For the first time yellow cards in Tour: repeated misconduct means end of course

For the first time yellow cards in Tour: repeated misconduct means end of course

For the first time in the 122-year history of the Tour de France, riders can receive yellow cards for misconduct. How does the card system work, and what are the consequences? NU.nl explains.

The international cycling federation UCI introduced the card system at the beginning of this year to make cycling safer. In the eyes of the cycling federation, too many crashes occurred due to the misconduct of riders and team leaders.

A rider can receive a yellow card for nineteen different violations, according to the UCI regulations. The most important are deviating from the line in a mass sprint, drafting behind a team car, and pushing or riding on a road outside the course.

The card system in cycling is modeled after soccer. A first yellow card is a warning and has no consequences. A second yellow card does. The rider in question must leave the race immediately and is also suspended for seven days.

The UCI commissioners act as referees. They can also use the images to come to a judgment and are therefore both referee and VAR in one. Incidentally, these commissioners do not give physical yellow cards. They only report a card in the race communiqué.

Riesebeek was the first rider to be suspended

Since the start of the cycling season, 67 yellow cards have already been handed out to riders (men and women), according to a UCI database. The Dutchman Oscar Riesebeek had the dubious honor last month of being the first rider ever to be removed from the race by the card system.

It happened to Riesebeek, who rides for Mathieu van der Poel’s team, in the Tour of Belgium. First, he veered across the road in one go, and then he used a path that did not belong to the course. As a result of the seven-day suspension, he missed the Dutch National Road Race Championships in his birthplace of Ede on Saturday.

Riesebeek served his suspension and seemed to be able to prepare for his Tour debut, but Alpecin-Deceuninck decided to pass him for the biggest cycling race in the world on Tuesday. It has not been announced whether this has anything to do with his yellow cards.

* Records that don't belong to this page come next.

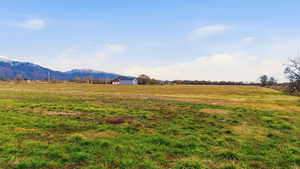 View of mountain backdrop featuring rural landscape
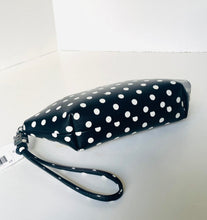 Load image into Gallery viewer, Black clutch with white polka dots on a white background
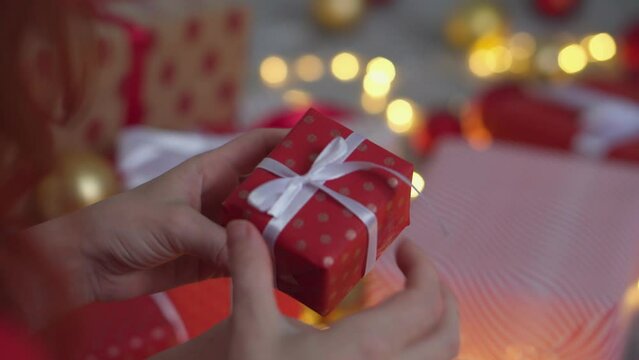 Girl in a Santa hat creates New Year's packages from red wrapping paper. Young woman is packing Christmas presents for her friends and relatives. Decorations, preparation for the winter holiday season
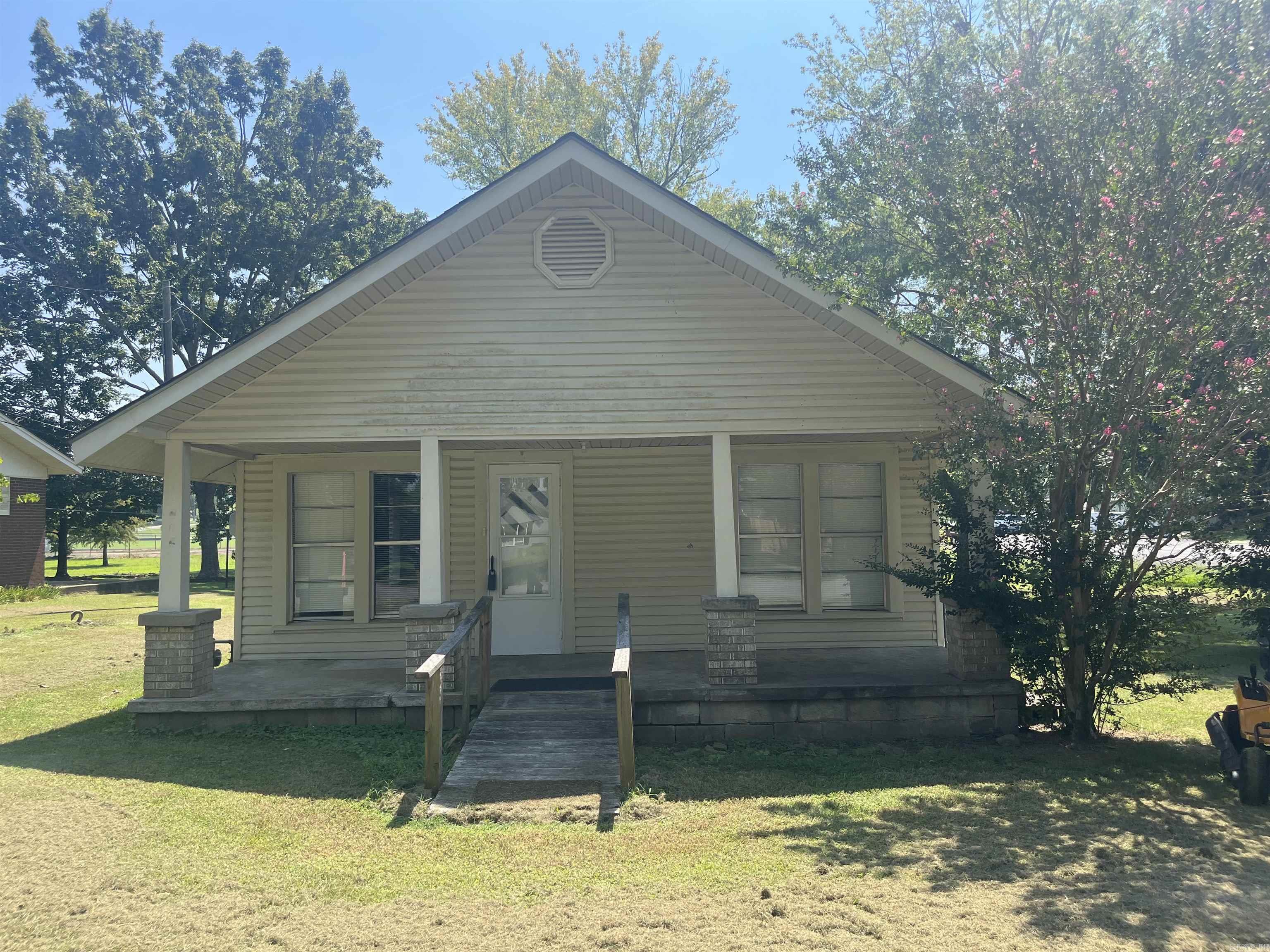 Precious house close to school and church! Football field in your back yard! Open floor plan and storage building out back! Come see it today!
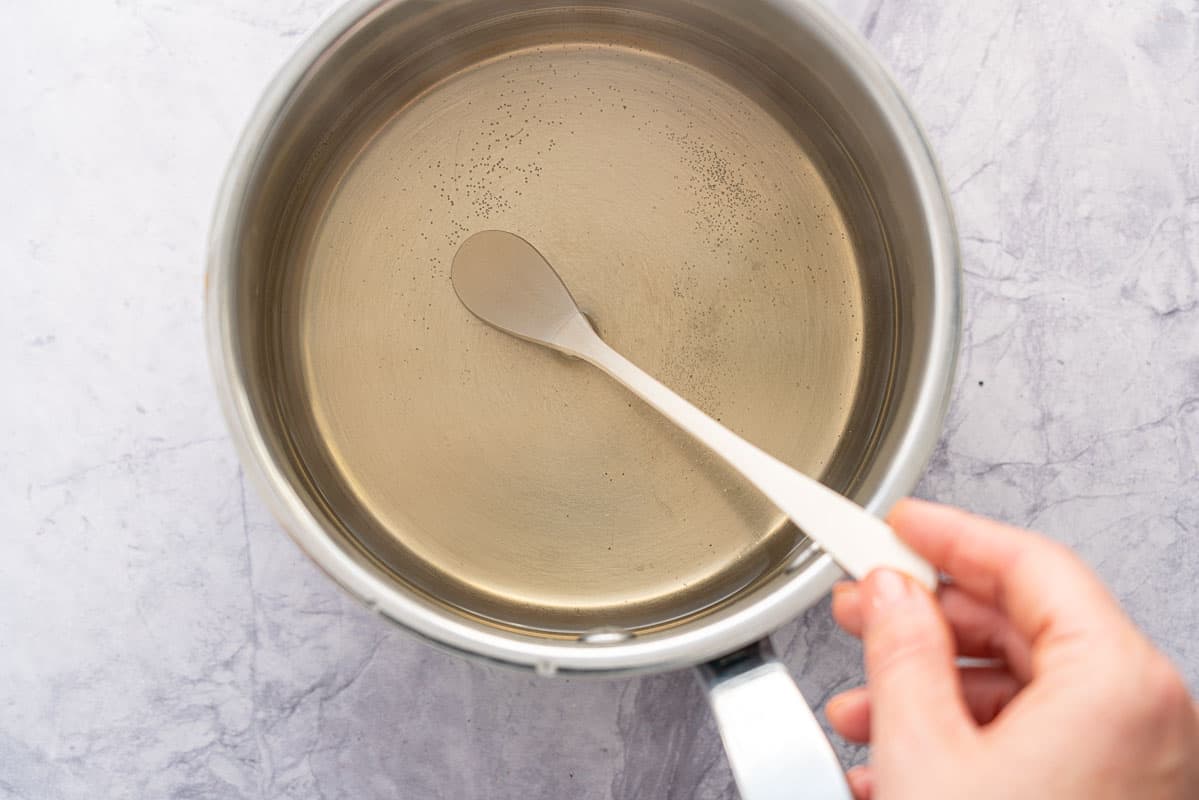 Vinegar, water, sugar, salt in a pot being stirred with spoon.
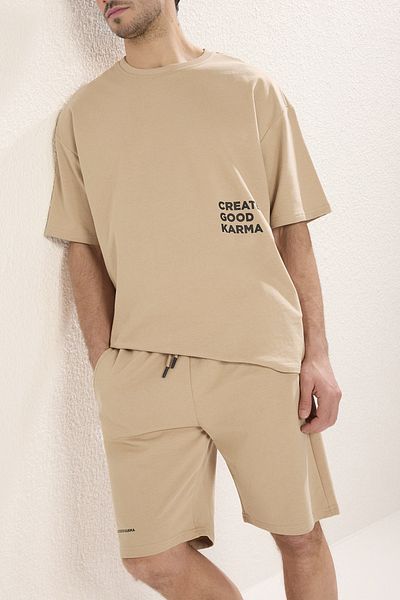 Trendyol Collection Μπεζ βαμβακερή αθλητική φόρμα - Χαλαρή εφαρμογή, τυπωμένα κείμενα TMNSS23EM00001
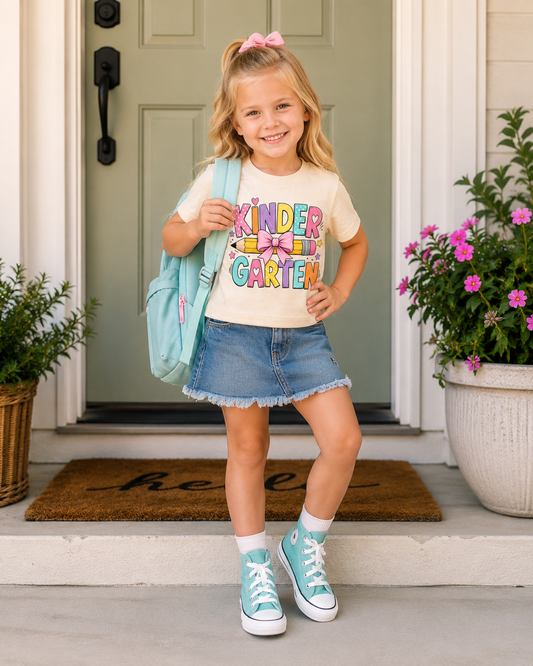 A young girl stands on a front porch wearing a cream graphic T-shirt that says 'KINDER GARTEN' in colorful letters, a denim skirt, mint socks, mint sneakers, and a mint backpack.
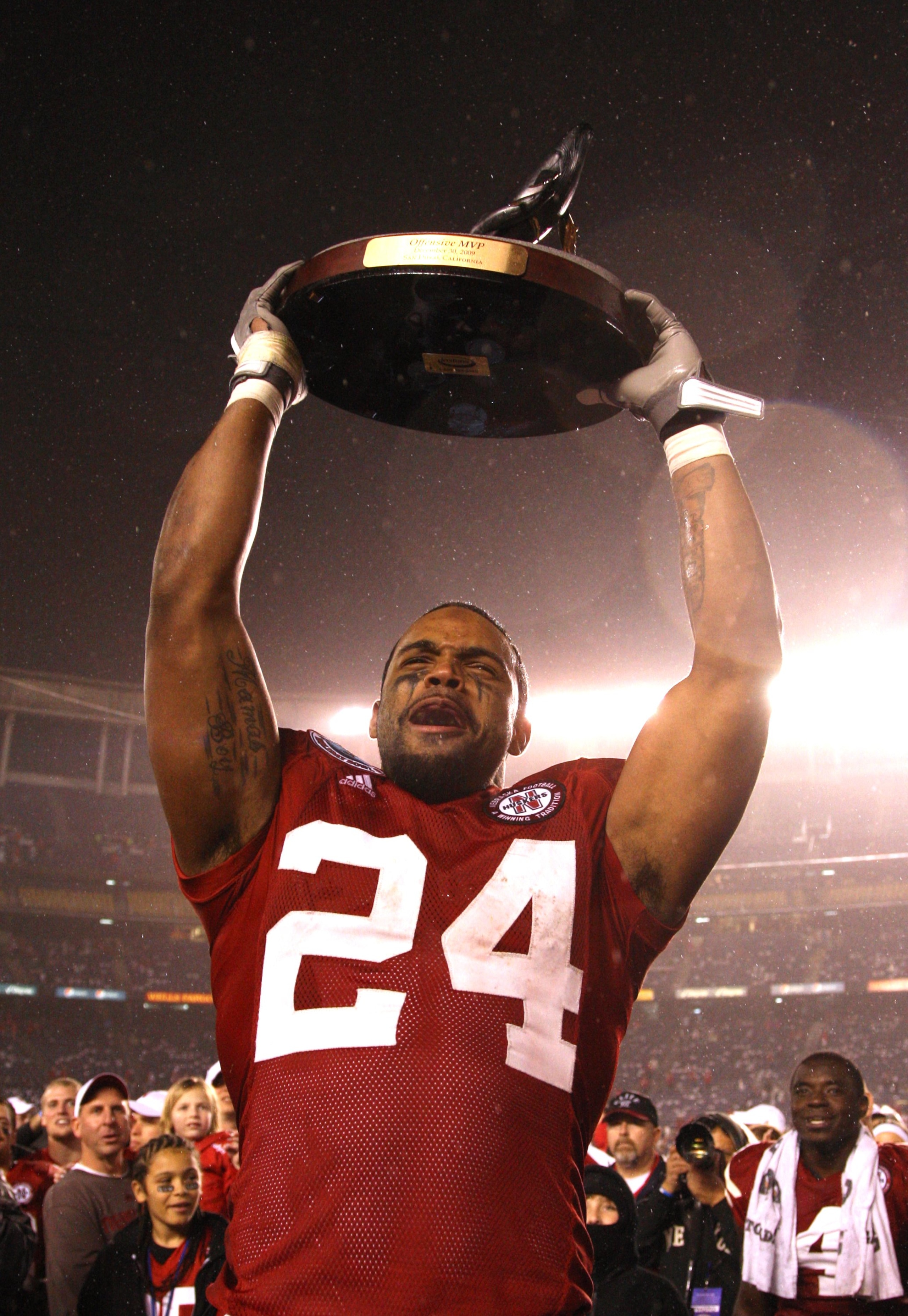 SAN DIEGO - DECEMBER 30:  Offensive Player of the Game wide receiver Niles Paul #24 of the University of Nebraska Cornhuskers hoists the Offensive Player MVP trophy after defeating the University of Arizona Wildcats in the Pacific Life Holiday Bowl, on De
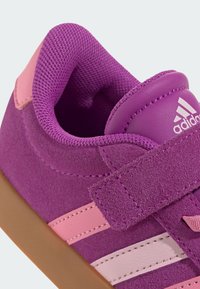Sneaker in suede viola con dettagli rosa e suola in gomma. Caratterizzato da una fascia in Velcro, rivestimento in mesh testurizzato e tre strisce bianche sul lato.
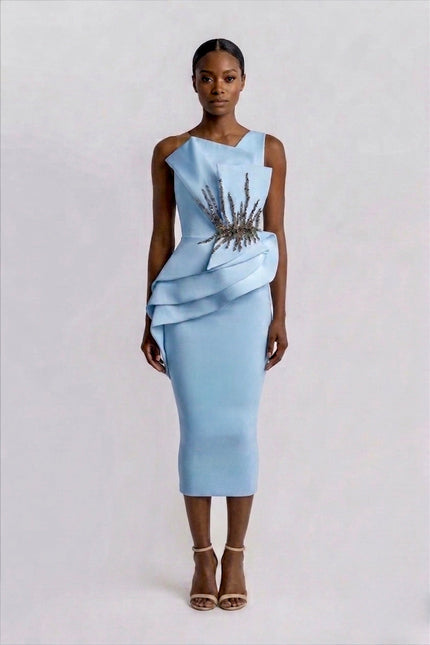 Woman wearing a light blue dress with a textured top on a white background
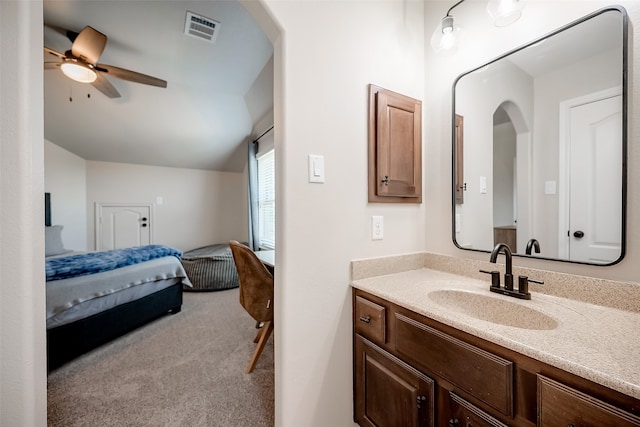 bathroom featuring vanity and ceiling fan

Riesebeek would have had to watch out if he had participated in the Tour de France. A rider who picks up three yellow cards within a period of thirty days will be suspended for two weeks. Riesebeek would therefore have ridden two-thirds of the Tour in the danger zone: he received his first yellow card on June 19. The Tour lasts until July 27.

Criticism of arbitrariness in cards

The discussions in soccer about yellow and red cards have now also spilled over to cycling. Giving cards is also a matter of interpreting the rules in cycling.

For example, the Belgian sprinter Jasper Philipsen did not receive a yellow card in February after he deviated significantly from his line in the sprint in the Tour of the United Arab Emirates. He was only relegated.

“I don’t actually know the difference between a yellow card and a relegation,” said Belgian sprinter Jordi Meeus to Sporza. Former Olympic champion Greg Van Avermaet unsuccessfully pleaded for a committee of former riders to determine whether a violation is worthy of a yellow card.

None of the 184 Tour participants are on edge at the start in Lille on Saturday. Time will tell if that is still the case after the first week, when the nervousness in the peloton is always greatest.